* _Work required_
The response should consist only of the lines from the one with "Getty Images rape definition" to the end of the data below, copied exactly and without pictures.

* _Collected data_
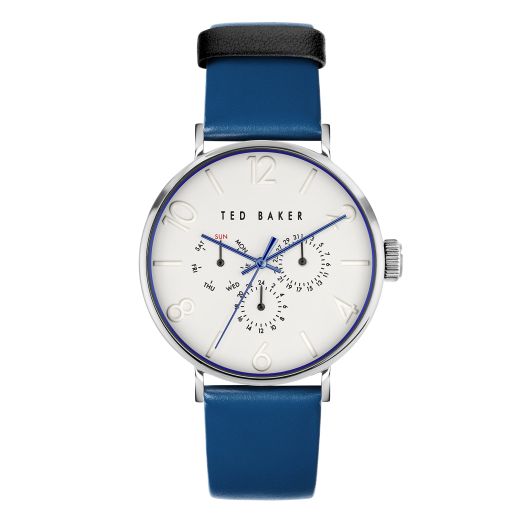 Ted Baker Gents Blue Eco -Leather Strap Watch (Model: BKPPGS3049I)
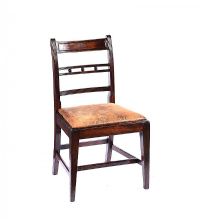 GEORGIAN MAHOGANY SIDE CHAIR at Ross's Online Art Auctions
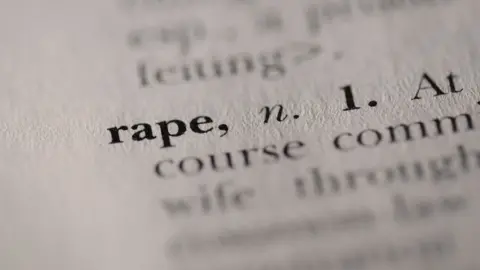 Getty Images rape definition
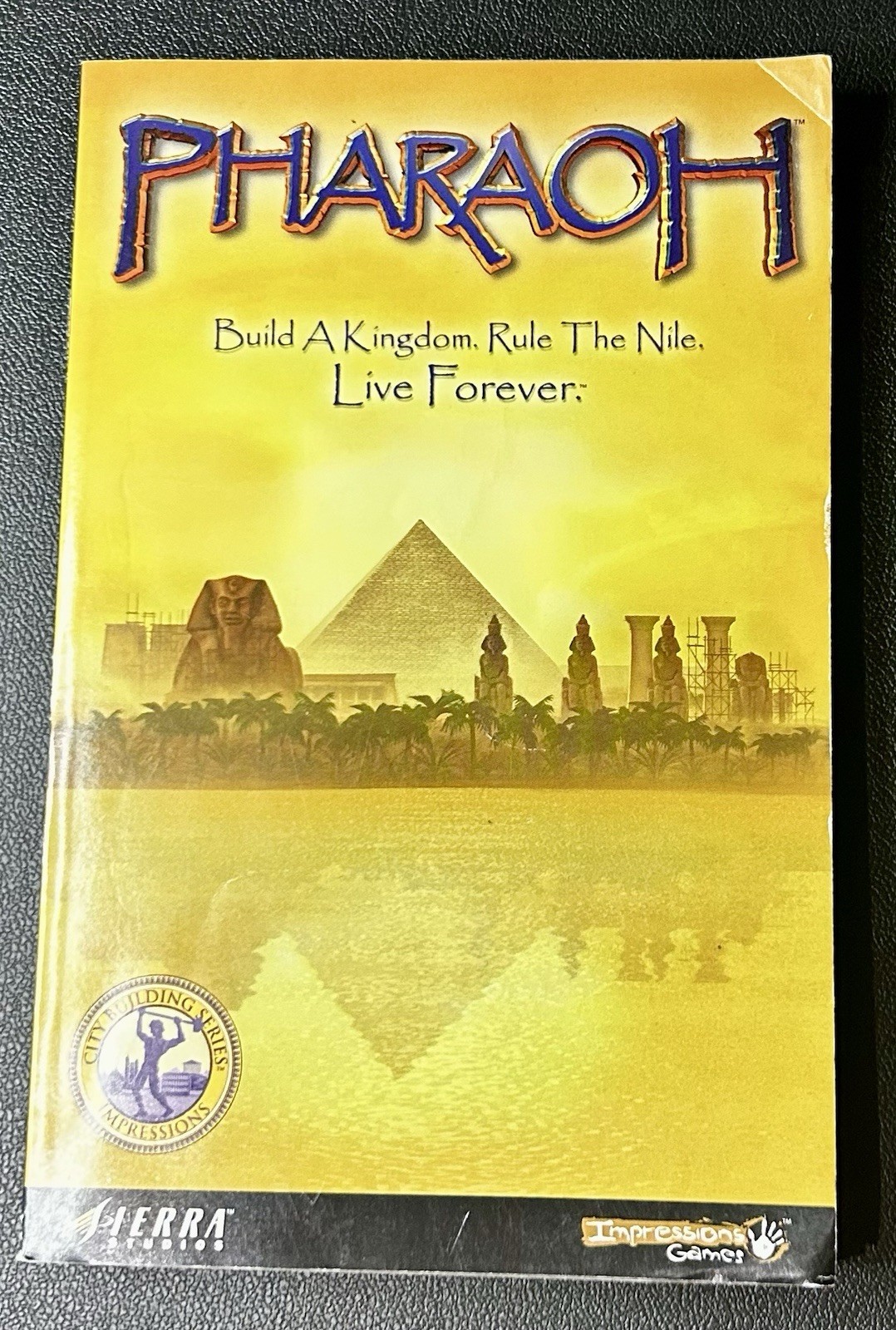 Book / Guide - Pharaoh - Sierra Studios - Pc Game - Vintage - Look!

* _Expected output_
 Getty Images rape definition
 Book / Guide - Pharaoh - Sierra Studios - Pc Game - Vintage - Look!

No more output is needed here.